Im Charisma werden die üblichen Gerichte aus der anatolischen Küche solide zubereitet und man wird reichlich bedient, so dass es eine Empfehlung wert ist.
Am Sonntagabend waren vielleicht acht Tische mit dem in einem Stadtteilrestaurant üblichen Publikum besetzt, also überwiegend Paare, kleine Gruppen und Familien.
Das Preis-Leistungs-Verhältnis sehe ich bei guten vier Sternen.
Eine eigene Internetseite informiert über das Charisma (http://www.charisma-bremen.de/).
Service:
Eine junge Türkin ist für die Getränke und den Service am Tisch zuständig. Sie war anfangs schon leicht unhöflich wortlos, späterhin fand sie zu einer Minimalansprache und wir hörten einmal ein "bitte" und die Frage, ob es geschmeckt habe. Als sich das Restaurant etwas füllte, war ihre Aufmerksamkeit nicht mehr wünschenswert gut, was aber an der äußerst knappen Personalbesetzung lag. Ihre Kellnerschürze war auffällig fleckig.
Dafür nur drei Sterne.
Die Getränkepreise im Niveau gemischt: Ein Haake Beck 0,3 l steht mit schon stolzen 2,80 € in der Karte, die Flasche 0,75 l Mineralwasser mit moderaten 4,50 € und die 13 offenen türkischen Weine liegen bei üblichen 4,00 € für 0,2 l (Hauswein 3,50 €). Wir hatten einen Rosé Lal und den respektablen roten Yakut (0,5 l für 8,00 €).

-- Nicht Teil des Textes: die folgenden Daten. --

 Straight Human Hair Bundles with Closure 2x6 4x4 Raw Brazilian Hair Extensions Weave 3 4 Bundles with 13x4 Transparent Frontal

Vom Haus gab es zur Rechnung einen Raki.
Essen:
Die Karte ist auf der Internetseite verfügbar.
Sie ist überschaubar und nicht überfrachtet mit der tausendsten Kombination aus wenigen Grundzutaten.
Wir wählten den gemischten kalten Vorspeisenteller mit zwei heißen, käsegefüllten Blätterteigrollen (12,00 €). Dazu gibt es einen Korb mit dem selbstgebackenen Fladenbrot.

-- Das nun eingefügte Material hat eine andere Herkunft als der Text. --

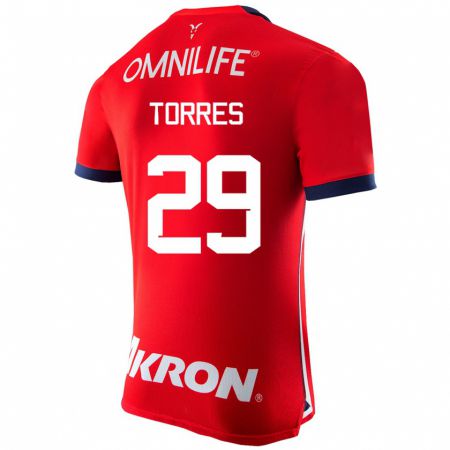 Kandiny Homme Maillot Alan Torres #29 Rouge Tenues Domicile 2023/24 T-Shirt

Auf dem Teller sieben größere Löffel aus der Püreeabteilung der Vorspeisenvitrine, ein Schälchen mit kaltem Gemüse und etwas Deko aus Tomate, Rucola und schwarzen Oliven. Zusammen mit den Blätterteigrollen und dem frischen Fladenbrot eine abwechslungsreiche und solide Vorspeise. Hervorhebenswert ist das Aci Ezme, der scharfe rote Mitspieler. Wir kennen es aus anderen türkischen Restaurants in pastöser Konsistenz. Hier kam es wie ein nicht püriertes Gazpacho daher, also sehr klein geschnittene Tomate, Gurke, Paprika, Zwiebel und Petersilie und merklich scharf.

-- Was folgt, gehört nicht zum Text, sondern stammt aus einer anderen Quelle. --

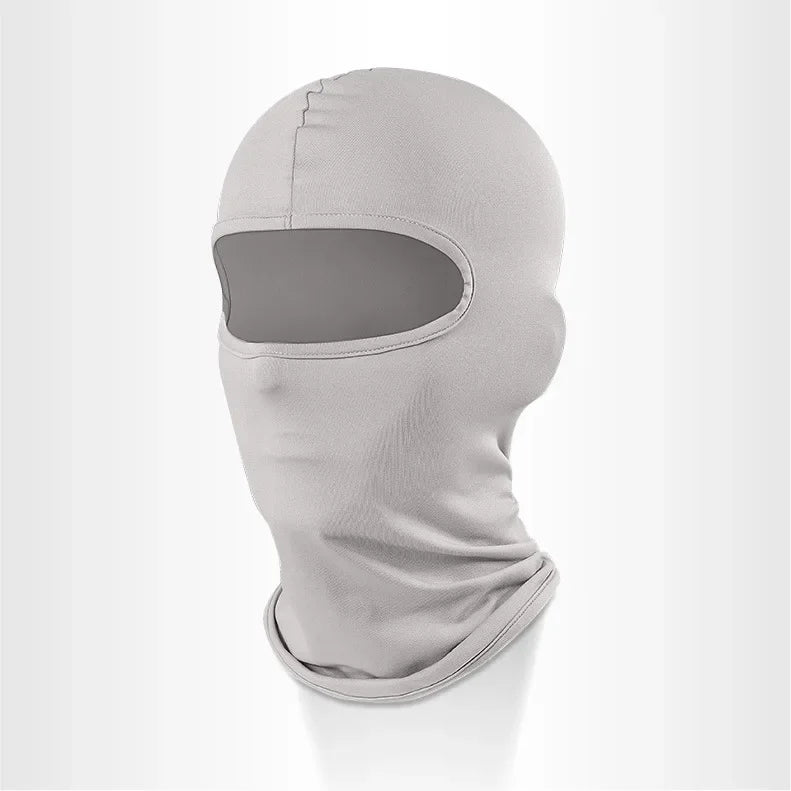 Gray windproof full face balaclava for motorcycle, ski, and outdoor use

Wir wählten dann Adana Kebab auf Fladenbrot (12,00 €) und Lammfilets mit Gemüse (17,90 €). Dazu gibt es an Beilagen: je eine kleine Salatschale, eine Schüssel Bulgur, je eine Sauciere mit Cacik, ein Teller mit in Ringen geschnittener roter Zwiebel und Petersilie, eine beachtliche Portion des scharfen Gemüses Aci Ezme und einen frischen Korb mit Fladenbrot! Auf den Tellern dann noch die ofengegrillte Tomate und die längliche grüne Paprika. Wenn man zudem bedenkt, dass der Spieß groß war und sich in meiner Form aus dem Ofen drei Stränge Lammfilet befanden, dann kann man sagen, dass man im Charisma für überschaubares Geld viel auf den Tisch bekommt.
Woran es etwas hapert im Charisma ist das Würzen. Für mich war der Spieß nicht so kräftig gewürzt, wie ich es schätze (also merklich Pul Biber, Petersilie, Kreuzkümmel usw.). Auch die türkische Tsatsikivariation aus Joghurt war mir zu flach (wenig Dill-, kaum Knoblauchnote). Ich hätte es auch begrüßt, wenn mein Lammfilet medium zu mir gelangt wäre. So war es nur noch zartrosa, aber vielleicht ist es bei der Zubereitung im Lehmofen auch schwierig, den Garzustand präzise zu steuern.
Insgesamt aber ein solides Essen, dass ich mit 3,75 Sternen bewerten möchte.
Ambiente:
Das Charisma betritt man durch einen Eckeingang. Rechts dann einige Tische und der Funktionsbereich mit Lehmofen, Küche, Vitrine, Theke. Links geht es in den durch eine halbe Zwischenwand abgeteilten Hauptraum. Die Tische sind sehr großzügig gestellt, so dass viel Bewegungsfreiheit herrscht. Auch auf den mit zwei Tischdecken belegten Tischen viel Platz.
Das Ambiente wird bestimmt durch einen weißen Steinfußboden, Teppichen auf dem Boden und an den Wänden und naiver Wandmalerei, also eine mittlere Folkloredosis. Sie wird akustisch durch getragene türkische Klänge unterstützt.
Anfangs tobten zuweilen lautstark zwei kleine Kinder im rechten Bereich herum, die sichtlich zum Haus gehörten. Nach einer halben Stunde waren sie verschwunden, wohl mit einer Frau aus dem Küchenbereich.
Die Herrentoilette eng und in die Jahre gekommen.
Sauberkeit:
Wir haben nichts negativ Auffälliges zu berichten.